- [INFORMATION SHOWN]
------------------------------------------------------------

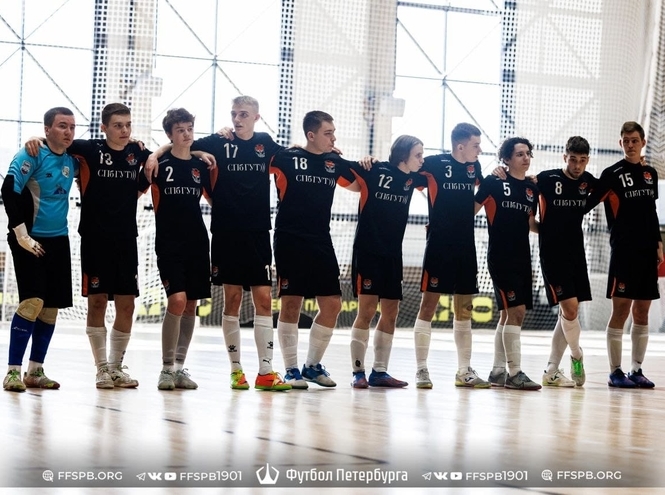 Команда СПбГУТ заняла 2 место на турнире по футзалу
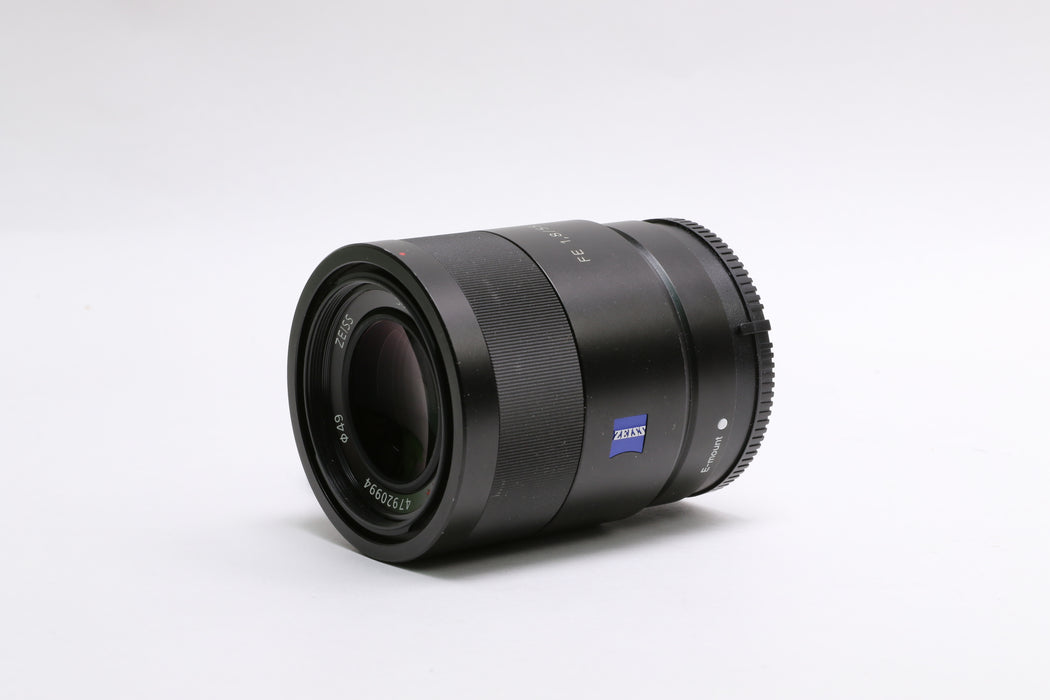 Sony Sonnar T* FE 55mm f/1.8 ZA Lens — photo 4 of 5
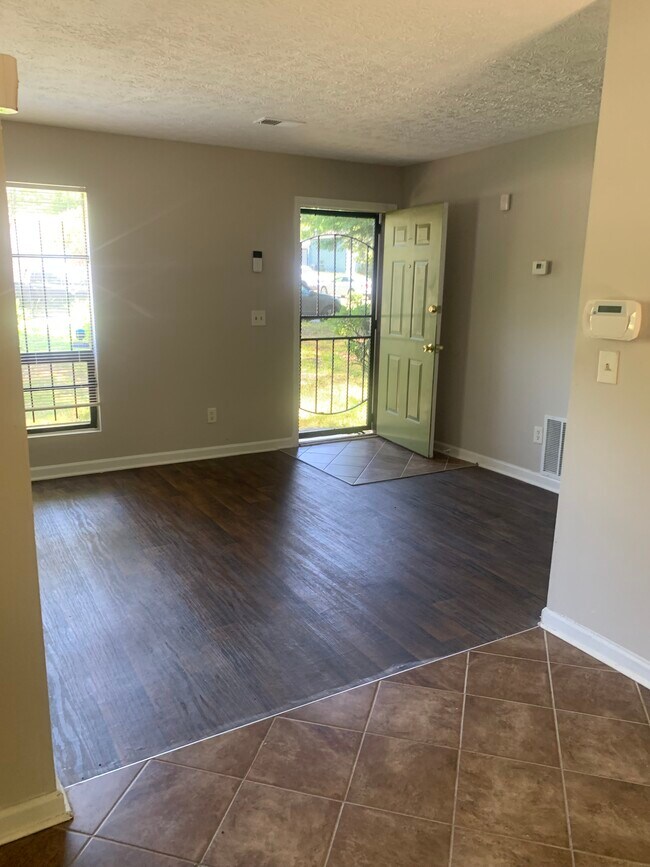 Photo - 7095 Birling Dr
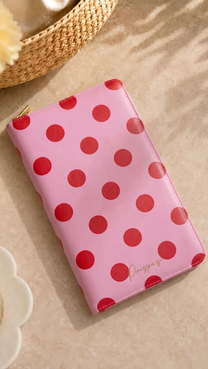 Paspoorthoes Dottie Pink | t/m 6 pers. | Studio Poespas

------------------------------------------------------------

- [YOUR GOAL]
Leaving the pictures out, give back each line above exactly.

- [WRITTEN SOLUTION]
 Команда СПбГУТ заняла 2 место на турнире по футзалу
 Sony Sonnar T* FE 55mm f/1.8 ZA Lens — photo 4 of 5
 Photo - 7095 Birling Dr
 Paspoorthoes Dottie Pink | t/m 6 pers. | Studio Poespas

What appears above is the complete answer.